19.3 Press-Schechter Comparison

We can compare these results to the Press-Schechter mass function. Recall that the Press-Schechter mass function is given by:

\[ \frac{\mathrm{d}n}{\mathrm{d}\ln M} = \sqrt{\frac{2}{\pi}} \frac{\bar{\rho}}{M} \nu e^{-\nu^2/2} \left| \frac{\mathrm{d}\ln \sigma}{\mathrm{d}\ln M} \right| \] where \(\nu = \delta_c / \sigma(M)\), \(\delta_c \approx 1.686\), and \(\sigma(M)\) is the variance of the linear density field smoothed on scale \(M\).

There are a few steps to compute this:

Compute the linear matter power spectrum at \(z=0\). We could use CLASS for this, but since Quijote has already provided the linear power spectrum, we will just load it in from their data files.
Compute \(\sigma(M)\) by integrating the power spectrum with a top-hat filter. Since we’ll need this at a number of scales, we’ll precompute on a grid of masses and then interpolate \(\ln \sigma\) as a function of \(\ln M\).
Compute \(\mathrm{d}\ln \sigma / \mathrm{d}\ln M\). Since we have interpolated \(\ln \sigma\), this can be directly calculated from the interpolation.
Compute the Press-Schechter mass function and plot it alongside the Quijote results.

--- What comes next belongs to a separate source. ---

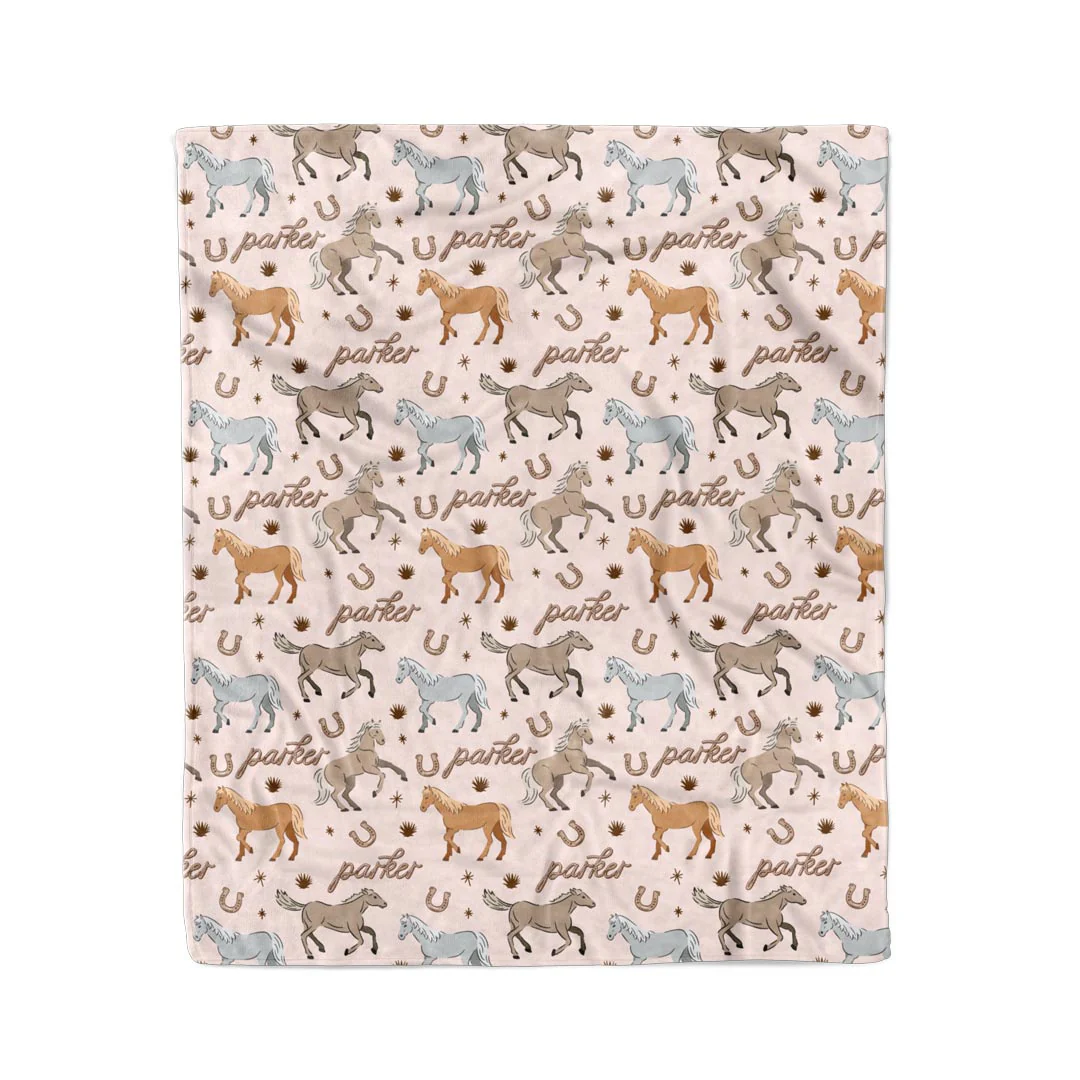 P's Ponies Personalized Kids Blanket - Image 6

Let’s go through these steps one by one.

Code

# Load the linear theory power spectrum 
linear_pk_file = os.path.join(DATA_DIR, "Quijote-Pk", "CAMB_matterpow_0.dat")
k_linear, pk_linear = np.loadtxt(linear_pk_file, unpack=True)
normfac_file = os.path.join(DATA_DIR, "Quijote-Pk", "Normfac.txt")
normfac = np.loadtxt(normfac_file)
pk_linear *= normfac  # Normalize to match the simulation

# Plot Delta^2(k)

delta2_linear = (k_linear**3 * pk_linear) / (2.0 * np.pi**2)

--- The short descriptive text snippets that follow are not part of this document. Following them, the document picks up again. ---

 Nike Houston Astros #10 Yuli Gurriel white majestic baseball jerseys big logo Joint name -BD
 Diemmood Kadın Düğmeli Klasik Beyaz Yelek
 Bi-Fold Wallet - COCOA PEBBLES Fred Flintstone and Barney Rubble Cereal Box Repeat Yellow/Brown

valid = (k_linear > 0) & (delta2_linear > 0)

plt.figure(figsize=(7, 5))
plt.plot(k_linear[valid], delta2_linear[valid], color='k', lw=2)
plt.xscale('log')
plt.yscale('log')
plt.xlabel(r"$k\,[h\,\mathrm{Mpc}^{-1}]$")
plt.ylabel(r"$\Delta^2(k)$")
plt.title(r"Linear Dimensionless Power Spectrum at $z=0$")
plt.grid(alpha=0.3)
plt.tight_layout()
plt.show()

Next, we compute \(\sigma(M)\) by integrating the power spectrum with a top-hat filter. We’ll set up a grid of masses from \(10^{12}\) to \(10^{16}\,M_\odot/h\), compute the corresponding radii, and then perform the integration for each mass.

We’ll use the spherical top-hat window function in Fourier space: \[ W(kR) = \frac{3}{(kR)^3} \left[\sin(kR) - kR \cos(kR)\right] \]

For the integration, we’ll use the trapezoidal rule from numpy on a uniform grid in \(\ln k\), integrating the equivalent form \[ \sigma^2(R) = \int \Delta^2(k)\,W^2(kR)\,\mathrm{d}\ln k. \] And then, we’ll interpolate \(\ln \sigma\) as a function of \(\ln M\) for later use.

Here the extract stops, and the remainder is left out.